Thinking Theologically

Last night I read Henri Nouwen’s In the Name of Jesus: Reflections on Christian Leadership. It’s required reading for our little group of preachers that meets in Waco once a month. We’ve all read it this month and we’re going to break it down one week from today. It’s short—I read it in about 45 minutes—but it packs a powerful punch.

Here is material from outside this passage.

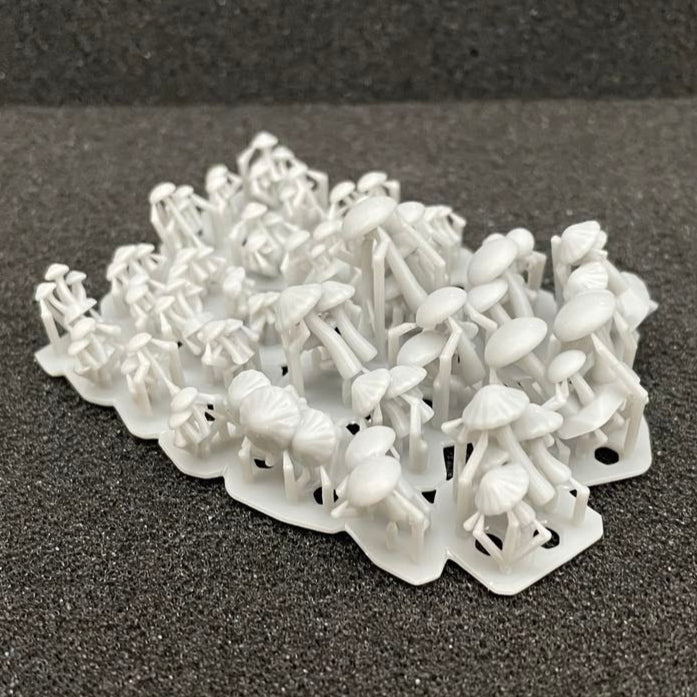 3D printed mushroom basing bits for miniatures Gloomspite Sylvaneth and others!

Nouwen uses two stories from the gospels, Jesus’ temptation in the desert and his commissioning of Peter to feed the sheep in John 21, to lead the reader in a discourse on Christian leadership. Most of the book centers around the idea of Christian leaders being servant leaders, seeking to be led by Christ’s Spirit into areas of service and sacrifice and submission instead of seeking power and popularity and relevance. He paints a Christ-centered life of “downward mobility ending on the cross.” And it’s all very good. But I was especially touched by the author’s angle on theological reflection as a spiritual discipline.

Thinking theologically, the way I understand it, is to recognize the salvation work our God has been doing in his world since the beginning of time and will continue to do until time ends and then using that as the guiding force behind everything we do and say. It’s realizing that every single thing relates to and goes back to God’s eternal plan for the reconciliation of the world and then jumping all the way into that plan and work with everything we have. It’s seeing how it all connects to redemption and salvation and deliverance and making sure the things we do connect to those things as well.

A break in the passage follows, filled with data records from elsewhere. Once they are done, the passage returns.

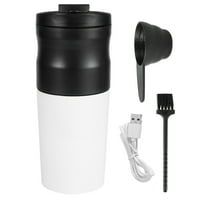 Kup brusilice za kafu, nehrđajući čelik Električni mlin za kavu, prenosiv za kućni ured bijeli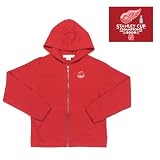 Detroit Red Wings NHL '08 SC Champs Girls Lucky Full Zip Hooded Jacket (Dk Red)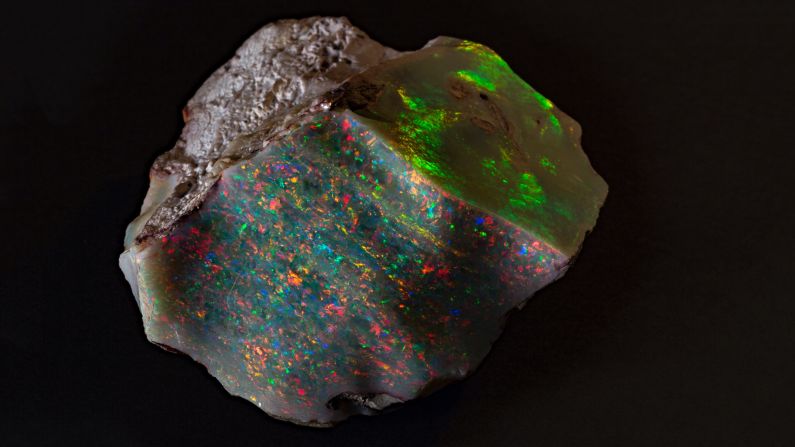 The 998-gram gem, called the <a href="index.php?page=&url=https%3A%2F%2Fwww.samuseum.sa.gov.au%2Fmedia%2F53865%2Fworlds-finest-piece-of-uncut-opal-finds-new-home-at-the-south-australian-museum" target="_blank" target="_blank">Fire of Australia</a>, is the largest known piece of high grade opal in the world, according to the museum. "The Fire of Australia is around the size of a softball... and shows all the colors of the spectrum," museum director Brian Oldman told CNN.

Even though we speak and teach in Scriptural terms, most ministers and preachers today are raising psychological and sociological questions. Thinking with the mind of Christ is more difficult. Nouwen writes,

“Without solid theological reflection, Christian leaders are little more than pseudo-psychologists, pseudo-sociologists, pseudo-social workers. They think of themselves as enablers, facilitators, role models, father or mother figures, big brothers or big sisters, and so on, and thus join the countless men and women who make a living by trying to help their fellow human beings cope with the stresses and strains of everyday living.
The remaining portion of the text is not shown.